Please give again, word for word, the line that contains "Kia Stonic 1.2 84CV Concept - Miniatura 13" and every line after it to the end of the data, with no other lines.

— Information provided —
__________
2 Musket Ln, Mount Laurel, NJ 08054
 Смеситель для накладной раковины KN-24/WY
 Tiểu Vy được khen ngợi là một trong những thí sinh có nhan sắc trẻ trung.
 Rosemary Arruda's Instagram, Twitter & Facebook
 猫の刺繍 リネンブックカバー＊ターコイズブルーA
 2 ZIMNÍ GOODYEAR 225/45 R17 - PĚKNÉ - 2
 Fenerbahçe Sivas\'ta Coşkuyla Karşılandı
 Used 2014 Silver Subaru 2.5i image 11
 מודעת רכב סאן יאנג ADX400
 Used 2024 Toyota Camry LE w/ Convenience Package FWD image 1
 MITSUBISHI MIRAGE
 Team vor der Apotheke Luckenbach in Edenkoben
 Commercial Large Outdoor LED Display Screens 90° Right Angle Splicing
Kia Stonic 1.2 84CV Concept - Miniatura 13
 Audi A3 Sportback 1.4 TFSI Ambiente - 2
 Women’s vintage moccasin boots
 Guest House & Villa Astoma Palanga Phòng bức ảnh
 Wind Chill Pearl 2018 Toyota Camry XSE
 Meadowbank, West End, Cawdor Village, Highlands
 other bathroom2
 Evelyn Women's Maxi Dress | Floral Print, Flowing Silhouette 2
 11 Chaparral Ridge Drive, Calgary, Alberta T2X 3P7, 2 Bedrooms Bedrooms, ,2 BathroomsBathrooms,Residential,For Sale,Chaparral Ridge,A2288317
__________
— Response —
Kia Stonic 1.2 84CV Concept - Miniatura 13
 Audi A3 Sportback 1.4 TFSI Ambiente - 2
 Women’s vintage moccasin boots
 Guest House & Villa Astoma Palanga Phòng bức ảnh
 Wind Chill Pearl 2018 Toyota Camry XSE
 Meadowbank, West End, Cawdor Village, Highlands
 other bathroom2
 Evelyn Women's Maxi Dress | Floral Print, Flowing Silhouette 2
 11 Chaparral Ridge Drive, Calgary, Alberta T2X 3P7, 2 Bedrooms Bedrooms, ,2 BathroomsBathrooms,Residential,For Sale,Chaparral Ridge,A2288317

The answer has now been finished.